抹茶は海外でもすっかりポピュラーになり、さらに最近は麦茶や玄米茶、ほうじ茶も知られてきたという。ほうじ茶は香ばしくて飲みやすいので、初めての人でも抵抗がないのだろう。ほうじ茶にもわずかにカフェインが残っているらしいので、コーヒー、紅茶の代わりにもなる。
ほうじ茶は、茎などが含まれた緑茶の規格外品、「番外茶」を焙煎して作る。ほうじ茶を「番茶」と言う人がいるのはこのため。お茶屋さんの良い香りは、ほうじ茶を焙煎している匂いだ。

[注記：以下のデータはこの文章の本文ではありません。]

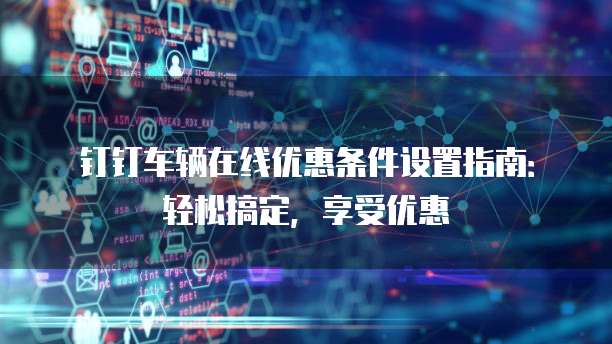 钉钉车辆在线优惠条件设置指南:轻松搞定,享受优惠
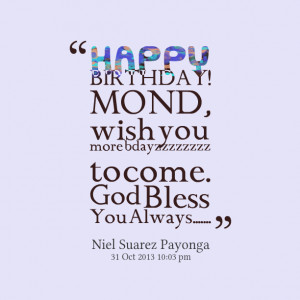 21528-happy-birthday-mond-wish-you-more-bdayzzzzzzzz-to-come-god.png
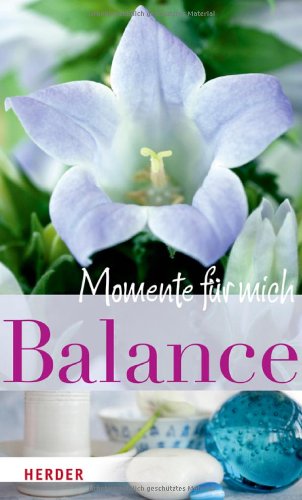 Balance - Momente für mich - Bosmans, Phil, Anselm Grün Christa Spilling-Nöker u. a.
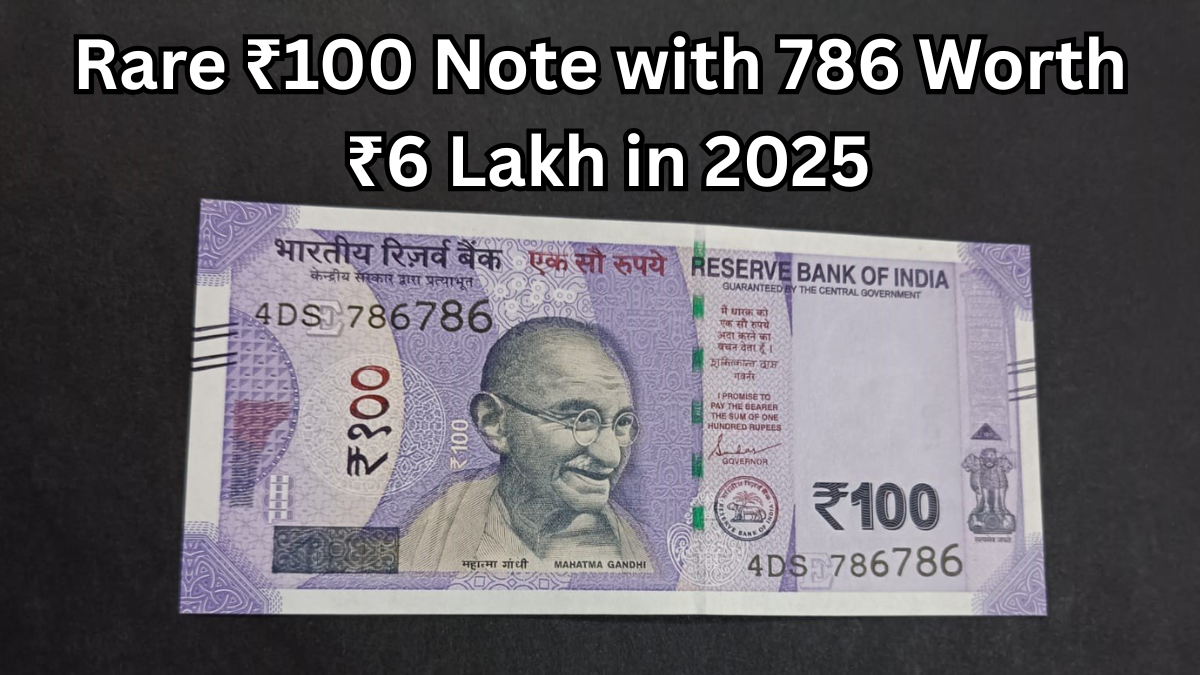 Rare ₹100 Note with 786 Worth ₹6 Lakh in 2025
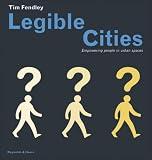 Legible Cities: Empowering People in Urban Spaces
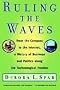 Ruling the Waves: From the Compass to the Internet, a History of Business and Politics along the Technological Frontier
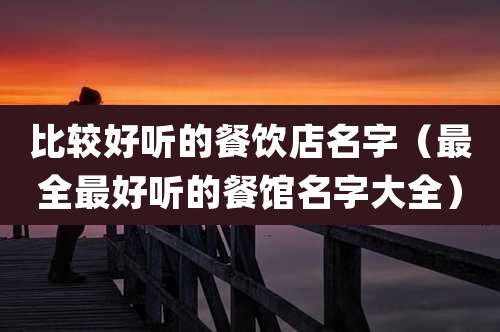 比较好听的餐饮店名字(最全最好听的餐馆名字大全)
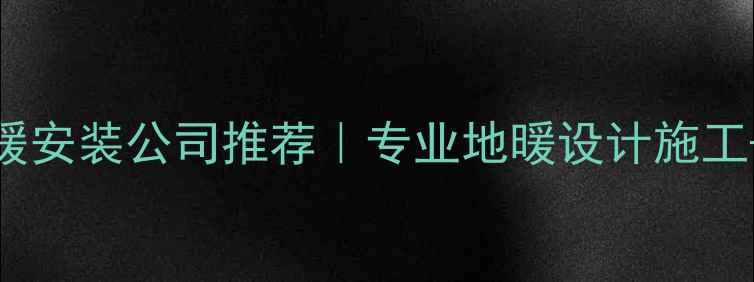 宁波全屋地暖安装公司推荐专业地暖设计施工节能环保方案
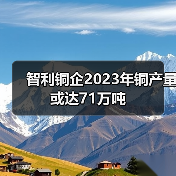 智利铜企2023年铜产量或达71万吨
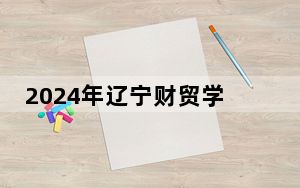 2024年辽宁财贸学院在贵州招生计划和录取分数线是多少？贵州考生2025年参考
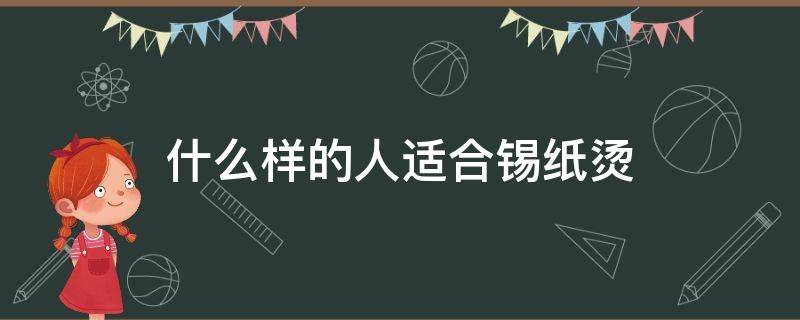 什么样的人适合锡纸烫（什么样的人不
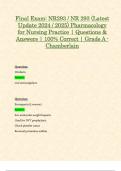 Final Exam: NR293 / NR 293 (Latest Update 2024 / 2025) Pharmacology for Nursing Practice | Questions & Answers | 100% Correct | Grade A - Chamberlain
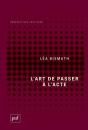 L'Art De Passer À L'Acte - Preview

ほうじ茶は、焙烙(ほうろく)という素焼きの焙煎機を使って、自分で作ることもできる。お茶屋さんでほうじ茶にすると言えば、材料の番茶や焙烙が手に入ると思う。市販のほうじ茶も、焙烙で軽く焙煎し直してから煎れると格段に風味が良くなる。素焼きの焙烙の形も素朴で味わいがある。焙じた茶葉は筒状の持ち手から出す。茶道と違って、安いお茶を美味しく飲もうという庶民の知恵だ。風流とまでは行かないが、来客の前でひと手間かけて焙じて見せれば、立ち込める香りも何よりのもてなしになる。